Neoliberale Politik geht grundsätzlich zulasten von vielen Menschen, und je weiter diese sich nach rechts radikalisiert und somit unsozialer agiert, desto deutlicher wird das. Absurderweise glauben aber offenbar immer noch sehr viele Menschen, dass sie selbst von den so produzierten Verwerfungen schon irgendwie verschont bleiben würden. Klar, bisher hat es ja vor allem „die anderen“ getroffen, aber mittlerweile kommen die Einschläge für immer mehr Menschen näher und näher.
Auf Geflüchtete und Migranten wird ja schon länger verbal von Springer-Hetzmedien und rechten Politikern von CDU bis AfD eingedroschen, und damit kommen viele Deutsche offenbar auch ganz gut zurecht, denn sie selbst sind davon ja nicht betroffen. Genauso gelingt es dieser Kumpanei des sozialen Unanstands ja auch seit Jahren, ein dringend notwendiges Lieferkettengesetz zu verzögern und/oder zu verwässern. Auch hier sind diejenigen, die für unseren (Über-)Konsum wie Sklaven schuften und eine ramponierte Umwelt ertragen müssen, weit weg in Ländern des globalen Südens. Insofern fällt es vielen hierzulande eben auch leicht, derartige Missstände bzw. die Verweigerung, diesen beizukommen, zu ignorieren.
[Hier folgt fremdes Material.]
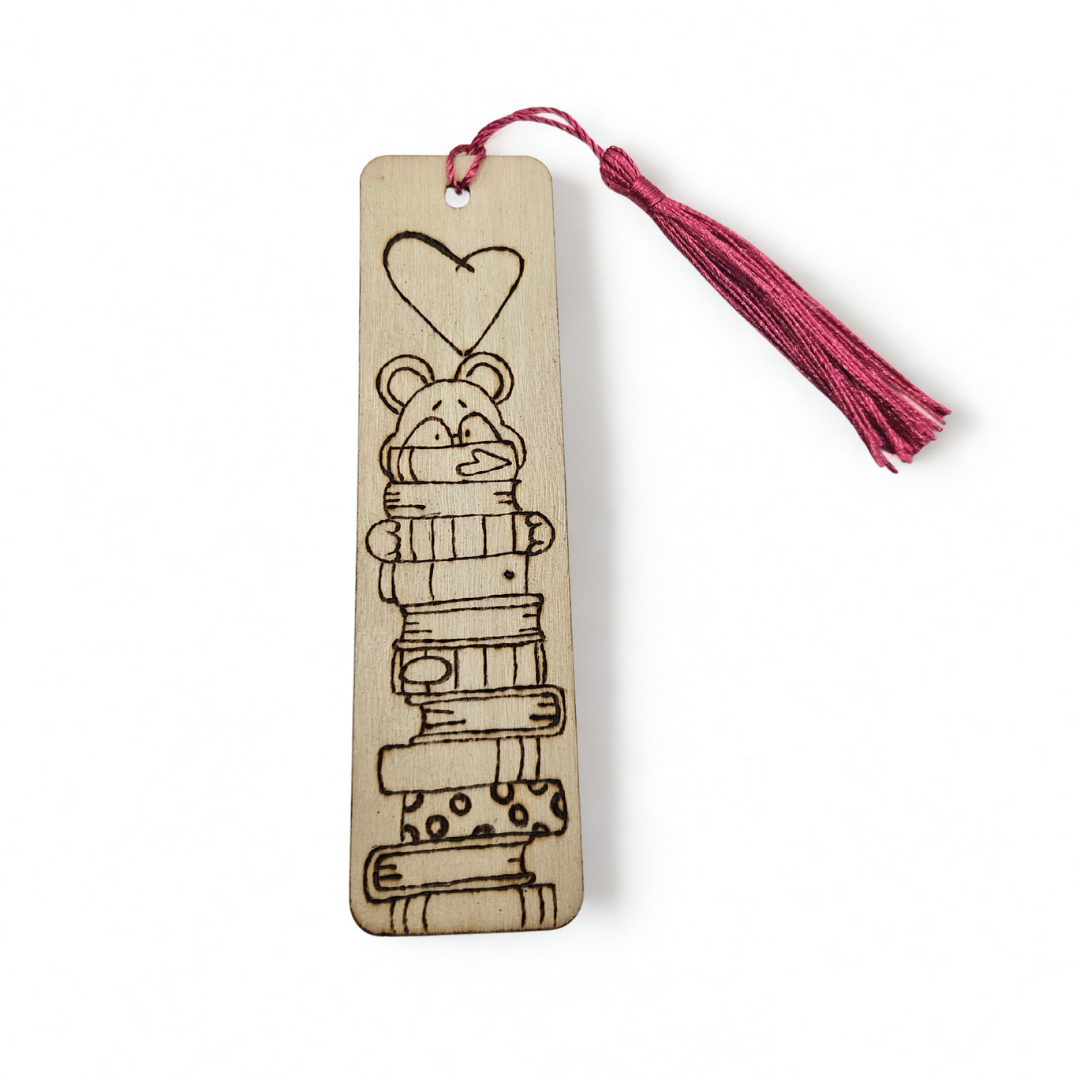 Segnalibro in legno “Orsetto e libri” – pirografato a mano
Beim Bürgergeld sieht das dann schon ein bisschen anders aus. Die Empfänger dieser Sozialleistung geraten ja auch immer mal wieder ins Visier von Ekelmedien wie BILD und Co., und zuletzt wird auch zunehmend von Sozialdarwinisten aller möglichen Parteien (CDU und AfD sowieso, aber auch Bärbel Bas von der SPD hat da nicht mit plumper Diffamierung gespart) massiv gegen diese Menschen gewettert und gehetzt. Und spätestens dann sollten die Menschen, die bisher die Menschenfeindlichkeit der Neoliberalen ignoriert haben, etwas hellhörig werden, denn ins Bürgergeld kann man schneller mal rutschen, als einem lieb ist. Beispielsweise wenn das Unternehmen, in dem man arbeitet, auf einmal feststellt, dass es sich in Bulgarien viel günstiger produzieren lässt. Oder eben pleitegeht. Und wenn man dann noch über 50 ist, dann wird es schwierig, eine neue Anstellung zu finden.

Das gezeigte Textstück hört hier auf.